### Your goal
Among the lines of the listing below, retype exactly those from the one containing "Cartes de Noël JOY avec photo / Fêtes" through the one containing "MUDECOR Framed Canvas", both included. Do not include pictures.

===== Records provided

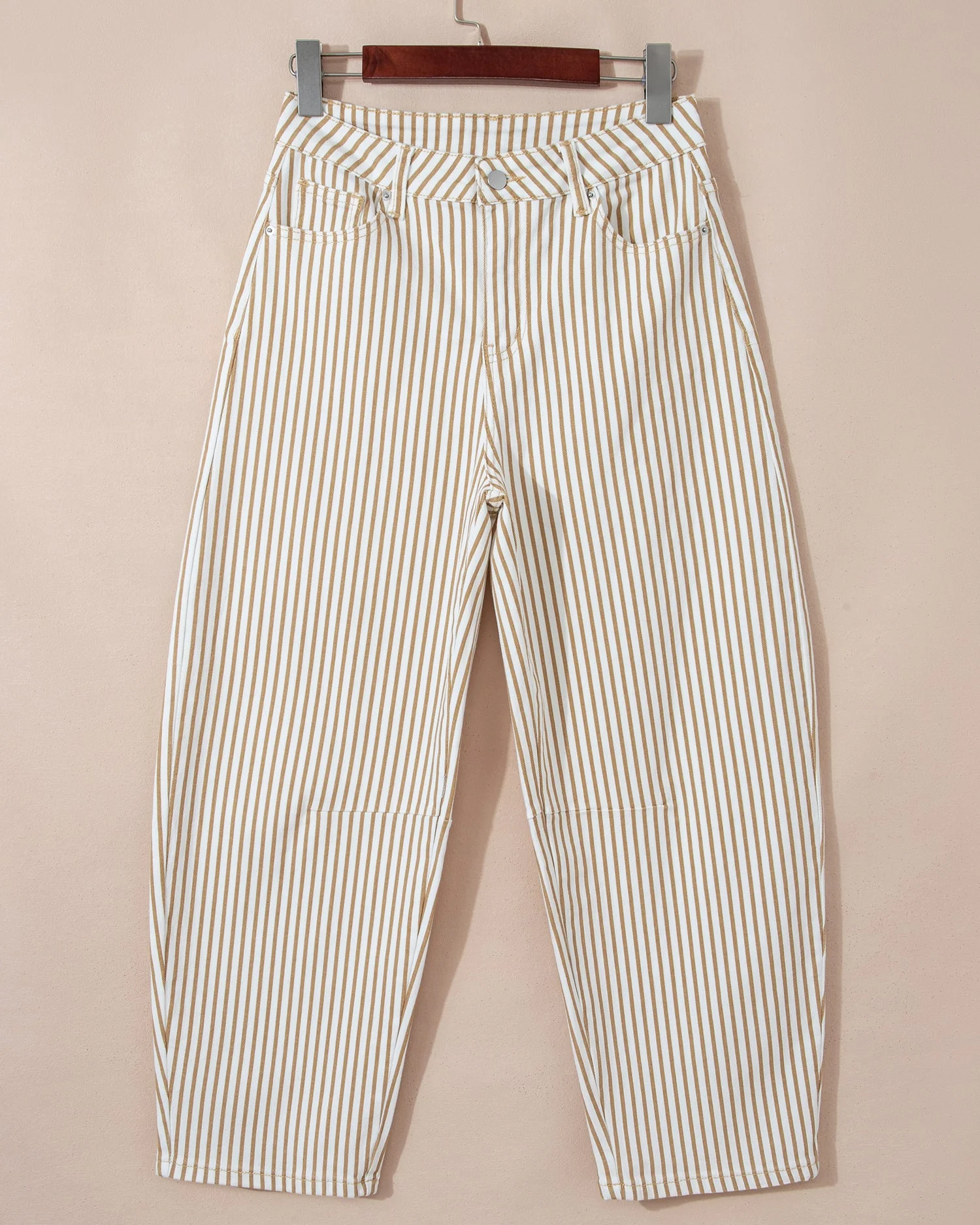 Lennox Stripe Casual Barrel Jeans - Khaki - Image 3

==========
===== Records provided

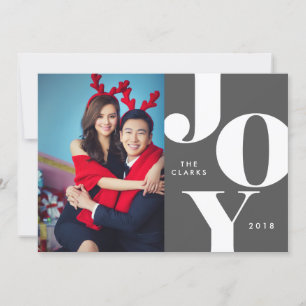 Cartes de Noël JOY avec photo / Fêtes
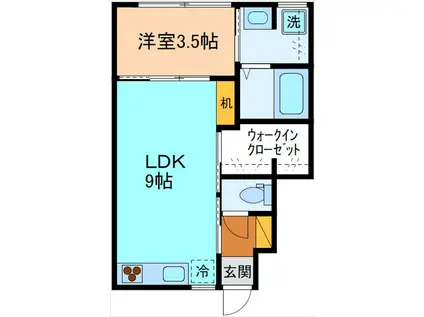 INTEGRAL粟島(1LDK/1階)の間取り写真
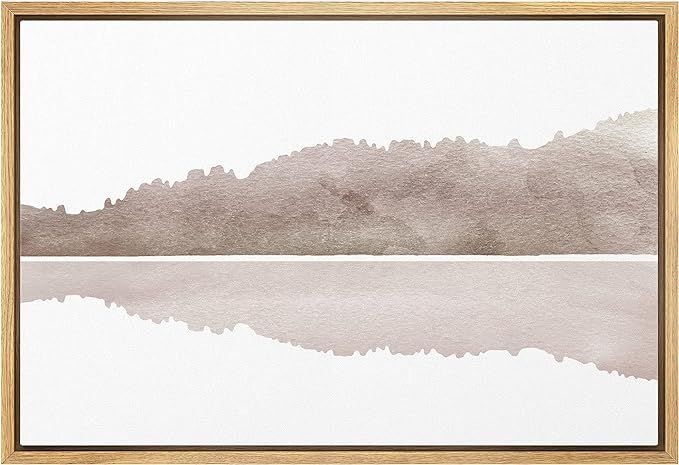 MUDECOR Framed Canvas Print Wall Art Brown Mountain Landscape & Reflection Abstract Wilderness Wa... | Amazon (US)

==========

### Reply
 Cartes de Noël JOY avec photo / Fêtes
 INTEGRAL粟島(1LDK/1階)の間取り写真
 MUDECOR Framed Canvas Print Wall Art Brown Mountain Landscape & Reflection Abstract Wilderness Wa... | Amazon (US)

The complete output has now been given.